■「アナウンサーを辞めることも考えた…」 発信する側として前を向くきっかけ作りを

小川彩佳キャスター:
自身も発声障がいを抱えている、愛媛あいテレビの山田祐也アナウンサーにお話を伺います。
山田さんは、どんなときにどんな症状が出るんでしょうか?
山田祐也 itvアナウンサー:
主にナレーションのブースで原稿を読もうとしたときや、生放送のスタジオでニュース原稿を読もうとしたときに症状が現れます。『か行』と『た行』が頭にくる言葉が特に出づらくなっています。
小川キャスター:
声を生業にする職業でもありますから、多くの仕事への影響もあったんじゃないですか?

山田アナウンサー:
アナウンサーでいること自体が非常につらい時期がありました。特にナレーションを読むときは、6分程度のナレーションを読むのに4時間から5時間かかって、本当にその度に自分を責めてしまって、そういったことがやっぱりつらかったですね。
国山ハセンキャスター:
自分を責めたという言葉がありましたけども、アナウンサーを辞めた方がいいんじゃないかとかそういう思いに至ったこともあったんですか?

山田アナウンサー:
もちろんアナウンサーという職業を辞めることも考えました。ただ病気についていろいろ調べているうちに、同じように声に悩んでいる人たちが大勢いることを知って、発信する側の私がここで後ろ向きになっていては駄目だなという気持ちにさせてもらいました。なので、同じように悩む人が前を向くきっかけを作れればいいなと思って今回取材を進めました。
国山キャスター:
仕事を続ける上で、会社や周囲の理解が欠かせないんじゃないかなというふうに感じますが、発声障がいを打ち明けたとき、職場の反応はどういった反応でしたか?

山田アナウンサー:
やはり職場の皆さん最初はすごく驚いていて、私自身が普段ニュースを読んでいる中での発声障がいということに非常に驚いていました。

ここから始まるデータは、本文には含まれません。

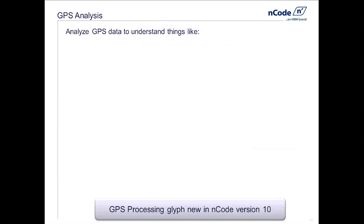GPS display has been inside ENCODE software for some years. What's new in ENCODE 10, available at the end of March 2014, is a new glyph called GPS Processing. This applies physics models and basic mathematical algorithms to GPS data — not just plotting it, but learning more things from it.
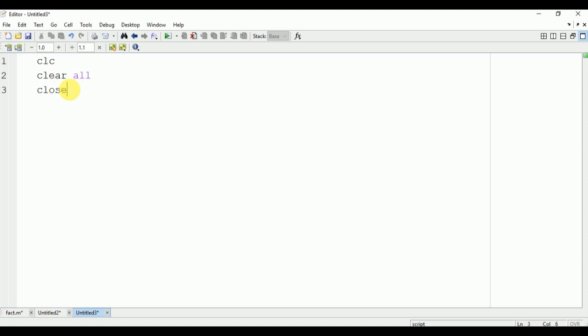These are the commands to clear the command window. Now we will take an input from the user.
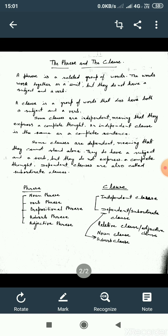A sentence has a complete meaning — it has a subject and a verb. But the phrase doesn't have a subject and a verb, and doesn't have a complete meaning. The clause has a subject and a verb, like a sentence. A sentence is always a clause, but a clause is not always a sentence. Some clauses are independent, meaning they express a complete thought. When a clause expresses a complete thought, it is an independent clause — and that is a complete sentence.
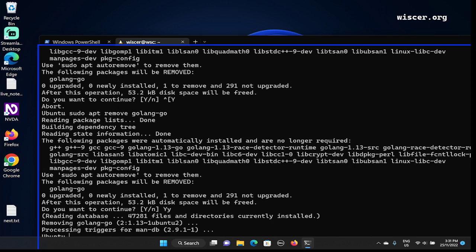Now I'm going to type 'go version' to check if Go is still installed or not. The output is: 'go version: bash: /usr/bin/go: No such file or directory' — which means Go has been uninstalled from the system. We have successfully installed and removed golang-go using apt. On the next video I'll download the latest version from the Go server and install it in Ubuntu WSL. Thank you for watching, bye-bye.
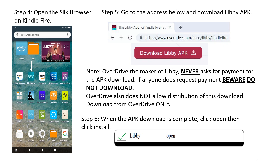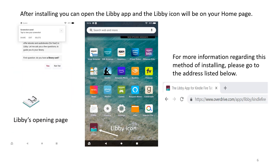Step 6: When the APK download is complete, click Open, then click Install. After installing, you can open the Libby app and the Libby icon will be on your home page. For more information regarding this method of installing, please go to the address listed below.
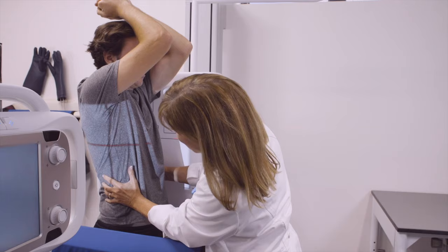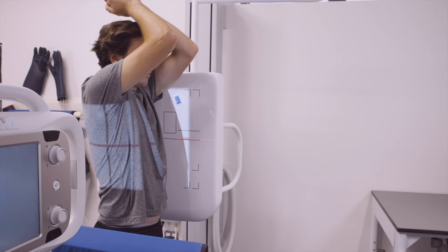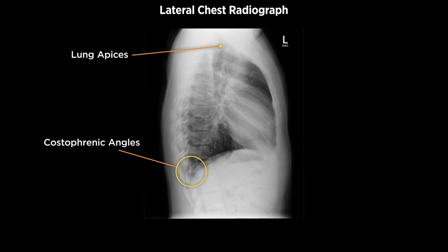As I walk away I need you to take a big deep breath and blow your breath all the way out. Take another big deep breath in, don't breathe, don't move — and the exposure is made. A diagnostic lateral chest radiograph should be free of motion and rotation, include both lung apices and costophrenic angles, with the hilum centered and the sternum in profile.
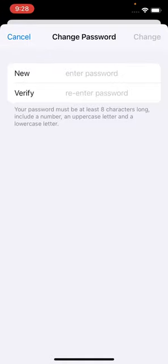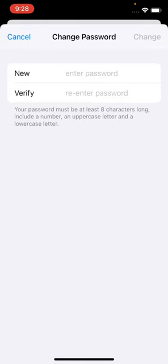Here is the Change Passcode screen. Your passcode must be at least eight characters long, include a number, an uppercase letter, and a lowercase letter. This way you can change the Apple ID passcode without a phone number or email.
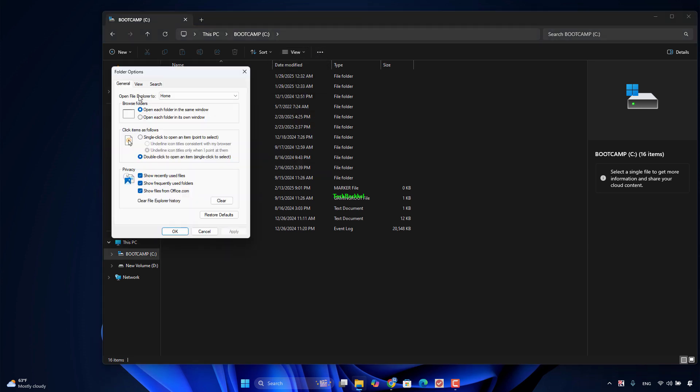Open File Explorer. Click the three-dot option and click Options. There are three tabs: General, View and Search. You need to click the Restore Default button on each tab and click Apply.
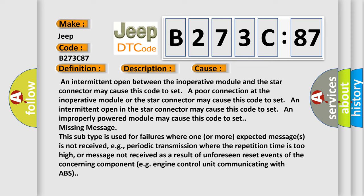For example, periodic transmission where the repetition time is too high, or message not received as a result of unforeseen reset events of the concerning component, e.g. engine control unit communicating with ABS.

ただ、すぐに協力的にいろんな言葉をかけてくれて、「気にしなくていいよ」「大丈夫だよ」という言葉に救われました。今は症状が出そうだなと思うような原稿はあらかじめわかるので、そういったときはパートナーのアナウンサーに読むのを代わってもらうなどしています。
小川キャスター:
そういったサポート体制や、周囲がどういう佇まいで向き合ってくれるのかということも非常に大事なところなのかなと思います。ご自身の経験の中で周りの方々には、どんなふうに向き合ってほしい、どんな佇まいでいてほしいとお考えですか。

山田アナウンサー:
何か特別なことをしてもらわなくてもいいと私自身は思っています。発声障がいの当事者の方もおっしゃっていたんですけれども、「サポートするよりかは知ってほしい」というところが一番ですね。これは発声障がいにとどまらず、いろんな病気や障がいに当てはまることだと思うんですけれども、自分にとっては当たり前にできることでも、それをできない人がいる、しづらい人がいるっていうことを皆さんが知ってくれているだけで、その当事者の皆さんは、少し前を向くことができるのではないかなと取材を通して感じました。